Mr Rees said the Arfor support helped them buy machinery to extract beeswax and bottle honey to meet demand. The 35-year-old said bees clustered in their hives at this time of year to keep warm, feeding off honey they'd produced months previously. "This week and next week we'll check their food levels," he said.
Mr Rees said an average-sized hive would usually produce anything from 20kg to 80kg of honey a year, with bees more productive in warm, dry summers. "Last summer we had our best crop ever," he said. "It can get too hot and dry for bees, but I've never seen that in Wales."
The new round of Arfor funding aims to develop careers and business opportunities for young people aged under 35 and families to stay or return to their place of origin. The idea is to foster enterprising Welsh-speaking communities, and strengthen them by supporting the use of the language and encouraging a sense of place and loyalty.
Council leader Darren Price said it was an important project. "Understanding the relationship between the economy and the language is going to be central to us in the next few years, especially thinking about the context we are in at the moment with the results of the recent census, which were disappointing," he said.
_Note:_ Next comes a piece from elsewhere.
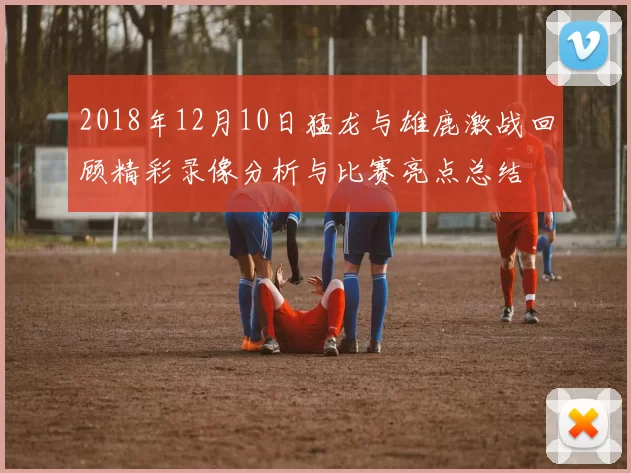 2018年12月10日猛龙与雄鹿激战回顾精彩录像分析与比赛亮点总结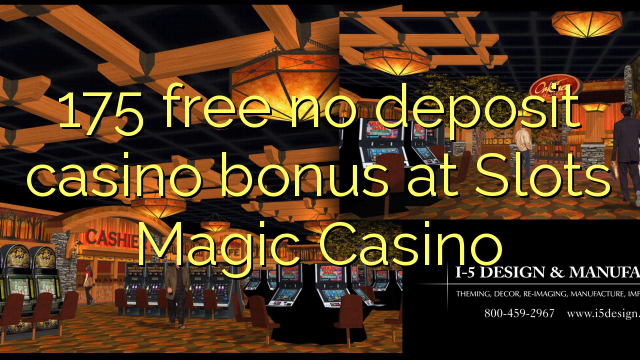 175 besplatno bez depozitnog casino bonusa u Slots Magic Casino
The percentage of Welsh speakers in Carmarthenshire fell from 43.9% to 39.9% between 2011 and 2021, according to the 2021 census - the largest decline of any council area in Wales. Put another way, there were just over 5,200 fewer Welsh-speaking Carmarthenshire residents in 2021 than a decade previously.
The council wants to make the language the county's main one, and is firmly behind the Welsh Government's ambition to have a million Welsh speakers by 2050. Cllr Price said the authority needed to do as much it could to show Welsh speakers there was a future for them in the county, and to encourage young people to create work locally.
The £11 million will be spent by the four counties up to the end of March, 2025, on a youth programme supporting entrepreneurial skills, grants for businesses, start-ups and social enterprises, and funding for organisations which develop and pilot Arfor-focused activities. A key element will be monitoring the results and the impact of the programme.
Cllr Glynog Davies, whose cabinet brief includes the Welsh language, said: "It's important that we do something positive to promote the Welsh language in these areas and that we look at the identity and the strength of the areas and try to give them a boost forward."